Another example of a PCAP dump on a 2019 Domain Controller which is receiving NTP requests from the same ESX host.
PCAP MS 2019 Domain Controller
Detail of Packet Sequence
You can see here that Domain Controller is handing back Version 3 NTP, and once again from the previous snippets it is getting rejected by the host.
So how to get around this dilemma ? Well in my case I just run a Linux distro NTP server running Chronyd and the default version for that is NTP v4. The output from the ESX host NTP associations is “sys.peer” which is a successful sync.
[root@dns1 ~]# ntpd -d
ntpd 4.2.6p5@1.2349-o Mon Jan 25 14:08:27 UTC 2016 (1)
1 Jun 15:04:43 ntpd[11113]: proto: precision = 0.042 usec
1 Jun 15:04:43 ntpd[11113]: 0.0.0.0 c01d 0d kern kernel time sync enabled
event at 0 0.0.0.0 c01d 0d kern kernel time sync enabled
Finished Parsing!!
ntpq> associations
ind assid status conf reach auth condition last_event cnt
===========================================================
1 7717 961a yes yes none sys.peer sys_peer 1
ntpq>
An other option is that you can modify the /etc/ntp.conf file on the infrastructure to include the version after the listed NTP servers. E.g. server x.x.x.x version 3.
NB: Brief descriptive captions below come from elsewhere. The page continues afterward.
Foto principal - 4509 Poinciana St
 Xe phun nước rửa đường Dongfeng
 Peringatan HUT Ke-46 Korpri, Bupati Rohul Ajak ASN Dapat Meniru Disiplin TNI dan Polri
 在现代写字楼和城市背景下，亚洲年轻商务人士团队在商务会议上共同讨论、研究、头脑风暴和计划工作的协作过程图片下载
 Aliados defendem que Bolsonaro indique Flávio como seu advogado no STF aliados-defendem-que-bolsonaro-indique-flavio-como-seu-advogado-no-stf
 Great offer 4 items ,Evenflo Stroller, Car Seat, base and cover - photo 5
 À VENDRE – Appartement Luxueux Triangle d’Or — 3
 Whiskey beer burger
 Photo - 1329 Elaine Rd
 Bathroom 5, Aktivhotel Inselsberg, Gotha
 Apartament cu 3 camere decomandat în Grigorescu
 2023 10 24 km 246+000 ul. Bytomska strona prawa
I would not suggest doing this if you run something like a VCF stack as your modifying the default configuration outside of the SDDC Postgres database. If you want to change your NTP settings inside VCF SDDC Management you can you use the GUI API or do a curl from a remote command line or Postman
$ curl 'https://sddcmgmt.local/v1/system/ntp-configuration/validations' -i -X POST \
-H 'Content-Type: application/json' \
-H 'Accept: application/json' \
-H 'Authorization: Bearer etYWRta....' \
-d '{
"ntpServers" : [ {
"ipAddress" : "192.168.0.254"
} ]
}'
So check our your NTP and make sure it is having a good time …. ahhh Dad joke.